**ABOUT THIS TASK:** Set out exactly every line of the entries below, starting at the line that holds "N- Chaussette de Noel" and stopping after the line that holds "Flavorex - High-Waist".
─── PROVIDED RECORDS ───
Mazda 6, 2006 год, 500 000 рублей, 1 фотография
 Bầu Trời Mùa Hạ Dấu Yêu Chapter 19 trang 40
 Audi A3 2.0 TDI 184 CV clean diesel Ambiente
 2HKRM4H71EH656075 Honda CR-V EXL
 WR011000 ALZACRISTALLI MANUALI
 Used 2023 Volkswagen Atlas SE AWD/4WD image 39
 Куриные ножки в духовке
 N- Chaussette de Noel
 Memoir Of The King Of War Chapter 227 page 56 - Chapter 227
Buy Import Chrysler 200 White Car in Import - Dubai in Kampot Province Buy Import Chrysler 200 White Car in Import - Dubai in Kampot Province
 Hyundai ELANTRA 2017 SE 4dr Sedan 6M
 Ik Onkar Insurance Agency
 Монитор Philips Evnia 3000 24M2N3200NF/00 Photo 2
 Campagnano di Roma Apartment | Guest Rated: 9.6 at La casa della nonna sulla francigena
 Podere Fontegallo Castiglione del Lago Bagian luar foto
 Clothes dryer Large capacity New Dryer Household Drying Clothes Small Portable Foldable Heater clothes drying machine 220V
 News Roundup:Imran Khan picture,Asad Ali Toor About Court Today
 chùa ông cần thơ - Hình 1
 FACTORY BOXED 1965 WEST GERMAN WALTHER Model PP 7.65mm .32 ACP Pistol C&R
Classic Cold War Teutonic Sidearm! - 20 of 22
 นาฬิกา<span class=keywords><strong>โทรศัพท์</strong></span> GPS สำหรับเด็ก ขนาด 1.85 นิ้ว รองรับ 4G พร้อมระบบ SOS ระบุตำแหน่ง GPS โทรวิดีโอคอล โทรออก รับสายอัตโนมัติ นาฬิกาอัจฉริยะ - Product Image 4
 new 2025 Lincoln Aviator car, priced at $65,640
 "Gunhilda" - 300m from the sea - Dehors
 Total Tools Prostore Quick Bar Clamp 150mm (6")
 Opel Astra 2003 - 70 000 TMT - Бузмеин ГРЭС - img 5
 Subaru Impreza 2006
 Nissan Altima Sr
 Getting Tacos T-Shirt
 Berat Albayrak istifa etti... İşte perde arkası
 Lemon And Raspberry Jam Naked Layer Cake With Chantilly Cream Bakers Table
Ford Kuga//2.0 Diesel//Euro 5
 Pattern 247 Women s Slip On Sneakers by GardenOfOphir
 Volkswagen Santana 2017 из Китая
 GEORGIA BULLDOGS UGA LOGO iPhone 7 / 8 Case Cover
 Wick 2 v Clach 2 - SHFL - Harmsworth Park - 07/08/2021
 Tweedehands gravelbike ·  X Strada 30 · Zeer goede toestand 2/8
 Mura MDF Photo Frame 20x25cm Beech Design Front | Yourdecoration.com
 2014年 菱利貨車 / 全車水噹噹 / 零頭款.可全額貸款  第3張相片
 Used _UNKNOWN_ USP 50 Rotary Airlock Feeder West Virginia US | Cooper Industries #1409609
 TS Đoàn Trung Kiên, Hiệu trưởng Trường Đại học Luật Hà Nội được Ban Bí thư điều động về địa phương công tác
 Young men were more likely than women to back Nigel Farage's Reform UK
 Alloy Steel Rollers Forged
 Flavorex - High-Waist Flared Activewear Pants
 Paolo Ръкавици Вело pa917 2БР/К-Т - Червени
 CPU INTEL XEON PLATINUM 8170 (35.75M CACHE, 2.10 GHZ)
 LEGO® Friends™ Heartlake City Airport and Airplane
───
**SOLUTION FOR THIS TASK:**
 N- Chaussette de Noel
 Memoir Of The King Of War Chapter 227 page 56 - Chapter 227
Buy Import Chrysler 200 White Car in Import - Dubai in Kampot Province Buy Import Chrysler 200 White Car in Import - Dubai in Kampot Province
 Hyundai ELANTRA 2017 SE 4dr Sedan 6M
 Ik Onkar Insurance Agency
 Монитор Philips Evnia 3000 24M2N3200NF/00 Photo 2
 Campagnano di Roma Apartment | Guest Rated: 9.6 at La casa della nonna sulla francigena
 Podere Fontegallo Castiglione del Lago Bagian luar foto
 Clothes dryer Large capacity New Dryer Household Drying Clothes Small Portable Foldable Heater clothes drying machine 220V
 News Roundup:Imran Khan picture,Asad Ali Toor About Court Today
 chùa ông cần thơ - Hình 1
 FACTORY BOXED 1965 WEST GERMAN WALTHER Model PP 7.65mm .32 ACP Pistol C&R
Classic Cold War Teutonic Sidearm! - 20 of 22
 นาฬิกา<span class=keywords><strong>โทรศัพท์</strong></span> GPS สำหรับเด็ก ขนาด 1.85 นิ้ว รองรับ 4G พร้อมระบบ SOS ระบุตำแหน่ง GPS โทรวิดีโอคอล โทรออก รับสายอัตโนมัติ นาฬิกาอัจฉริยะ - Product Image 4
 new 2025 Lincoln Aviator car, priced at $65,640
 "Gunhilda" - 300m from the sea - Dehors
 Total Tools Prostore Quick Bar Clamp 150mm (6")
 Opel Astra 2003 - 70 000 TMT - Бузмеин ГРЭС - img 5
 Subaru Impreza 2006
 Nissan Altima Sr
 Getting Tacos T-Shirt
 Berat Albayrak istifa etti... İşte perde arkası
 Lemon And Raspberry Jam Naked Layer Cake With Chantilly Cream Bakers Table
Ford Kuga//2.0 Diesel//Euro 5
 Pattern 247 Women s Slip On Sneakers by GardenOfOphir
 Volkswagen Santana 2017 из Китая
 GEORGIA BULLDOGS UGA LOGO iPhone 7 / 8 Case Cover
 Wick 2 v Clach 2 - SHFL - Harmsworth Park - 07/08/2021
 Tweedehands gravelbike ·  X Strada 30 · Zeer goede toestand 2/8
 Mura MDF Photo Frame 20x25cm Beech Design Front | Yourdecoration.com
 2014年 菱利貨車 / 全車水噹噹 / 零頭款.可全額貸款  第3張相片
 Used _UNKNOWN_ USP 50 Rotary Airlock Feeder West Virginia US | Cooper Industries #1409609
 TS Đoàn Trung Kiên, Hiệu trưởng Trường Đại học Luật Hà Nội được Ban Bí thư điều động về địa phương công tác
 Young men were more likely than women to back Nigel Farage's Reform UK
 Alloy Steel Rollers Forged
 Flavorex - High-Waist Flared Activewear Pants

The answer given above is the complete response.